▸ Assigned task: Your answer must consist solely of the line containing "Soundcore Anker AeroFit" and all subsequent lines through the end of the entries, reproduced exactly.

START Dataset content

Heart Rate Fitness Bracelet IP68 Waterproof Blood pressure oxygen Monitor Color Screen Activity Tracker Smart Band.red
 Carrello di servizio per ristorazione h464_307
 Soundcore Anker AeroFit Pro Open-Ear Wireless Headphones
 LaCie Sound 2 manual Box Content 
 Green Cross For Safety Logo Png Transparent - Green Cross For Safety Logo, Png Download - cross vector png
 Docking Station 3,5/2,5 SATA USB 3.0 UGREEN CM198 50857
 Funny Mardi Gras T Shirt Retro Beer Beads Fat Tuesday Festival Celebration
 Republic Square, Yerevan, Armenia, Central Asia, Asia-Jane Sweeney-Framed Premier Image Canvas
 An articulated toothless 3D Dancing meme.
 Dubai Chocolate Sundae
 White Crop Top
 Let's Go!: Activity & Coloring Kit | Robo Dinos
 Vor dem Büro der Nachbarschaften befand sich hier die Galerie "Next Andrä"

END Dataset content

▸ Answer area:
 Soundcore Anker AeroFit Pro Open-Ear Wireless Headphones
 LaCie Sound 2 manual Box Content 
 Green Cross For Safety Logo Png Transparent - Green Cross For Safety Logo, Png Download - cross vector png
 Docking Station 3,5/2,5 SATA USB 3.0 UGREEN CM198 50857
 Funny Mardi Gras T Shirt Retro Beer Beads Fat Tuesday Festival Celebration
 Republic Square, Yerevan, Armenia, Central Asia, Asia-Jane Sweeney-Framed Premier Image Canvas
 An articulated toothless 3D Dancing meme.
 Dubai Chocolate Sundae
 White Crop Top
 Let's Go!: Activity & Coloring Kit | Robo Dinos
 Vor dem Büro der Nachbarschaften befand sich hier die Galerie "Next Andrä"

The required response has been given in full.